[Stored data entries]
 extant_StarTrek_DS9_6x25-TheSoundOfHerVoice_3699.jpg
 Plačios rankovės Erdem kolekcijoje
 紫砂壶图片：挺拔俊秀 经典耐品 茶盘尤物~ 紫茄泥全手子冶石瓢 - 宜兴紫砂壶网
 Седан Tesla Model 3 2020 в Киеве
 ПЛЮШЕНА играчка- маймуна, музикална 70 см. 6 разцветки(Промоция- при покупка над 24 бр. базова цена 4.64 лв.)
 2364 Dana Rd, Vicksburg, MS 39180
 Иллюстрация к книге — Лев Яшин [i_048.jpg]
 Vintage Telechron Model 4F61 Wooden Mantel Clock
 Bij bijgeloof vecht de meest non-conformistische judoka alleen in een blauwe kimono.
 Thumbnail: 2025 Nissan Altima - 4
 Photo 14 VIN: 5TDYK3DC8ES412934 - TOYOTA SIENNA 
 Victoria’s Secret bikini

→ **Action item**: Each record shown above is to be given again exactly.

→ **Solution for this exercise**:
 extant_StarTrek_DS9_6x25-TheSoundOfHerVoice_3699.jpg
 Plačios rankovės Erdem kolekcijoje
 紫砂壶图片：挺拔俊秀 经典耐品 茶盘尤物~ 紫茄泥全手子冶石瓢 - 宜兴紫砂壶网
 Седан Tesla Model 3 2020 в Киеве
 ПЛЮШЕНА играчка- маймуна, музикална 70 см. 6 разцветки(Промоция- при покупка над 24 бр. базова цена 4.64 лв.)
 2364 Dana Rd, Vicksburg, MS 39180
 Иллюстрация к книге — Лев Яшин [i_048.jpg]
 Vintage Telechron Model 4F61 Wooden Mantel Clock
 Bij bijgeloof vecht de meest non-conformistische judoka alleen in een blauwe kimono.
 Thumbnail: 2025 Nissan Altima - 4
 Photo 14 VIN: 5TDYK3DC8ES412934 - TOYOTA SIENNA 
 Victoria’s Secret bikini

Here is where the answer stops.